Gespräch mit René Heisig (Regie)
Der "Polizeiruf 110: Zwischen den Welten" erzählt von einem mysteriösen Mord an einer jungen Frau. Worin lag für Sie der Reiz dieser Geschichte?
Der lag auf mehreren Ebenen. Zum einen hat mich die Situation in dieser Familie interessiert, die mit dem Verlust der Mutter respektive der Partnerin zurückbleibt, also die Frage: Was macht das dort mit den Einzelnen? Inwiefern kann ein Vater, der selbst in Trauer ist, mit einem traumatisierten Kind umgehen und wie hilfsbereit kann er der Polizei gegenüber sein? Zum anderen ist aber auch die Situation der Ermittler ungewöhnlich. Sie müssen sich fragen, wie sie vorgehen sollen, denn einerseits kommt der Vater als Tatverdächtiger in Frage, andererseits braucht ihn das Kind gerade jetzt. Außerdem müssen sie entscheiden, inwieweit das Kind als Zeuge belastbar oder gefährdet ist. Und dann gibt es natürlich noch einen dritten wichtigen Aspekt: Die Fälle im Rostocker "Polizeiruf" spiegeln sich ja immer insofern in den Ermittlerfiguren, als die Filme Teile ihrer Biografie präsentieren oder weitererzählen. In diesem Fall kommt die Profilerin auf der Suche nach der eigenen Identität an den Punkt, dass sie als Kind etwas erlebt hat, das sie verdrängt hat, nämlich den Tod der Mutter bei der Flucht. Und durch die Frage, was das Kind Franzi vom Tod der Mutter verdrängt hat, gewinnt der Fall für die Profilerin eine unvorhergesehene persönliche Brisanz.

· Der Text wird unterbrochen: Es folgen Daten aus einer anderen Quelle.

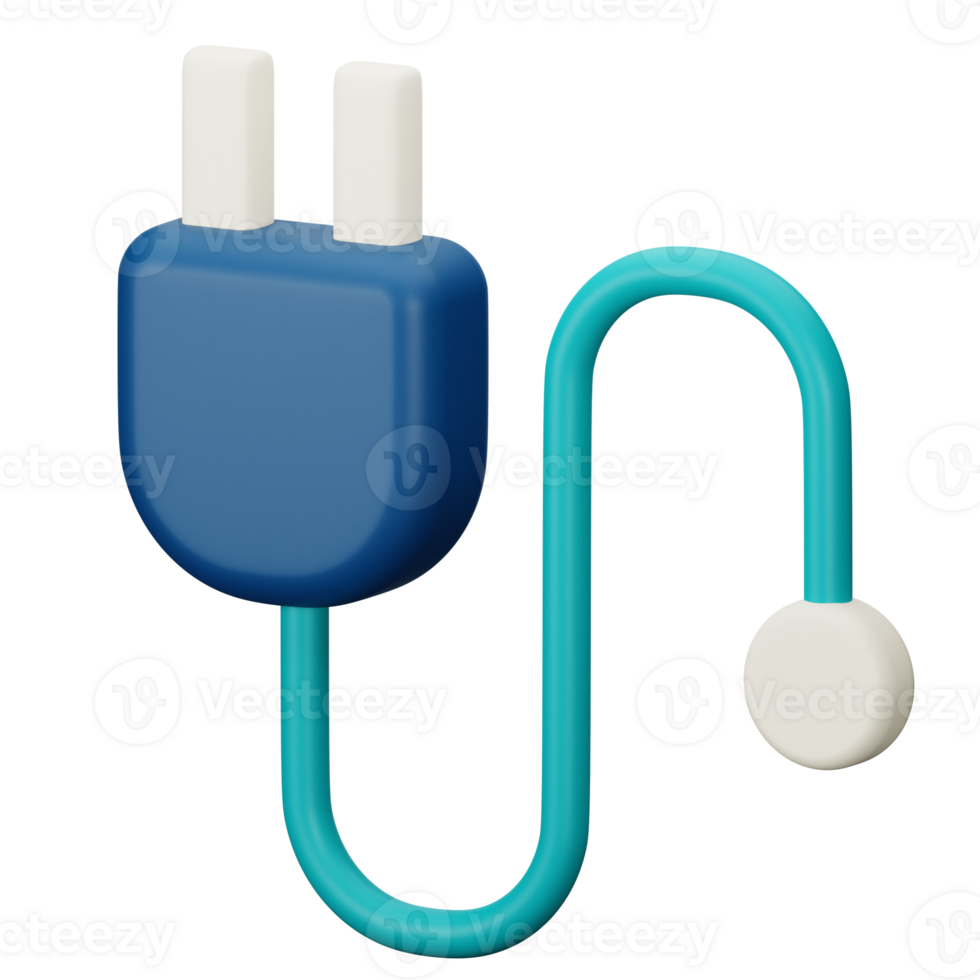 3d icon plug isolated on transparent background png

Worauf haben Sie beim Inszenieren dieses letzten Aspekts Ihr Augenmerk gelegt?
Darauf, wie man diese persönliche Geschichte, die Auflösung der biografischen Lücke der Ermittlerin mit dem Fall verzahnt, ohne dass es kitschig oder sentimental wird und ohne dass man dem Charakter der Figur untreu wird. Katrin König spürt an sich selber eine unbewusste Verbindung zu dieser Franzi, aber da wir ja kein Drama erzählen, sondern einen Krimi, wollten wir das zeigen, ohne in ein Betroffenheitsgehabe gegenüber dem Kind zu kommen. Was da natürlich immer hilft, sind gute Schauspieler, und die haben das einfach grandios gemacht. Die tote Studentin Julia bewegte sich in unterschiedlichen Welten.
Worauf kam es Ihnen bei der Ausgestaltung der verschiedenen Milieus an?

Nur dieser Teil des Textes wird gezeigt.